In the lawsuit filed by Blair’s attorney, Terrell Roberts, he claims to have suffered a concussion and multiple lacerations from the blows to his head, including one that required nine staples to close. After being released from police custody, Roberts wrote, Blair suffered from severe headaches, nausea and vomiting and difficulties with his short-term memory.

“Strikes to the head with a baton are prohibited by the Metropolitan Police Department’s standard operating procedures and are universally prohibited because it is considered to be the use of deadly force,” Roberts wrote.
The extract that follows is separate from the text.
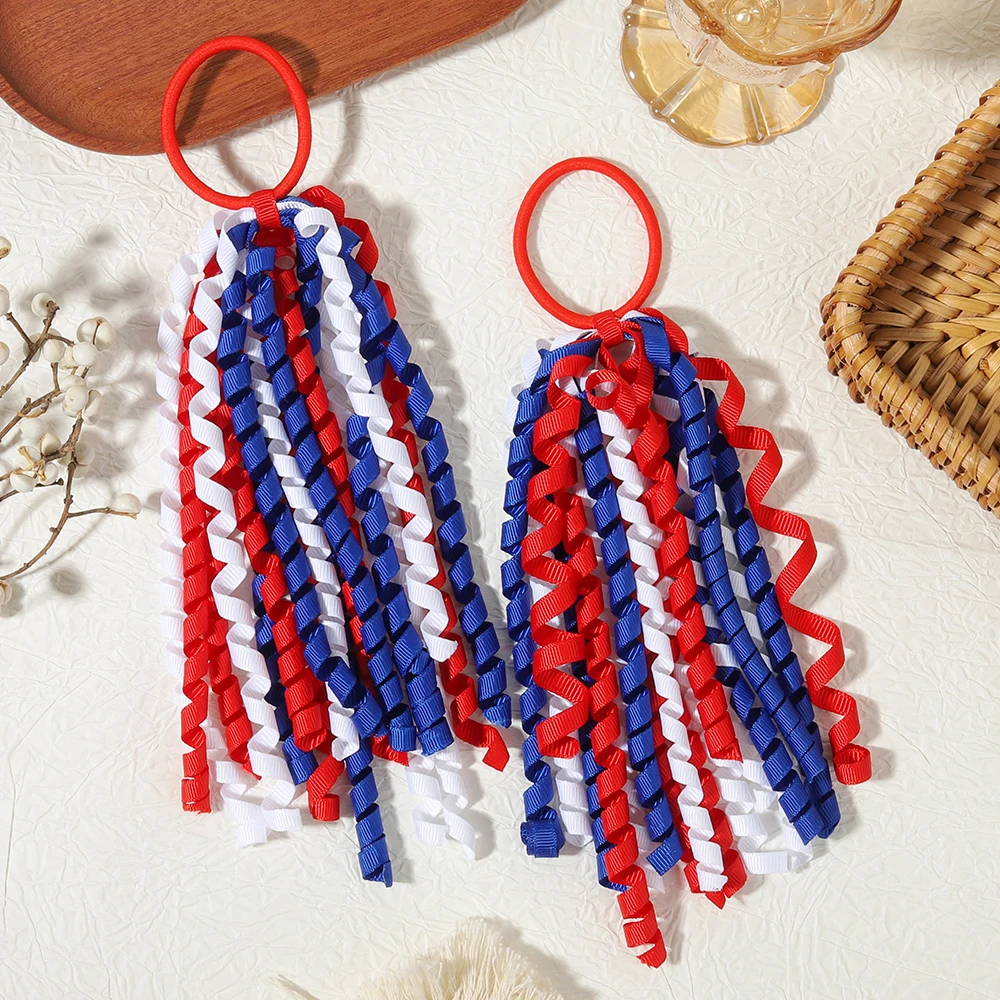 2 Stück/Set Satin-Quasten-Stirnband und Pferdeschwanzhalter, geeignet für Mädchen, dekoratives Haar-Accessoire für WM-Partys – Detail 8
Blair is at least the second person charged in the Capitol riot to file a lawsuit against police. In January 2022, Victoria Charity White, a Minnesota woman facing the same felony civil disorder charge Blair pleaded guilty to, sued D.C, seven officers and outgoing DC Police Chief Robert J. Contee for allegedly violating her rights under the Fourth, Fifth, Eighth and Fourteenth Amendments with baton strikes she received while inside the chaotic Lower West Terrace Tunnel on Jan. 6. The suit sought $1 million in damages. White, who is still awaiting trial, voluntarily dismissed the suit in November.

Roberts previously represented the husband of Ashli Babbitt, the Air Force veteran who was fatally shot while attempting to climb through a window of a barricaded door leading to the Speaker’s Lobby on Jan. 6, in a suit seeking to uncover the identity of the officer who shot her. In an interview with WUSA9 in May 2021, Roberts said Babbitt’s family planned to file a $10 million wrongful death lawsuit against the U.S. Capitol Police. To date, that lawsuit has not been filed.

Neither DC Police nor Roberts immediately responded to requests for comment Friday.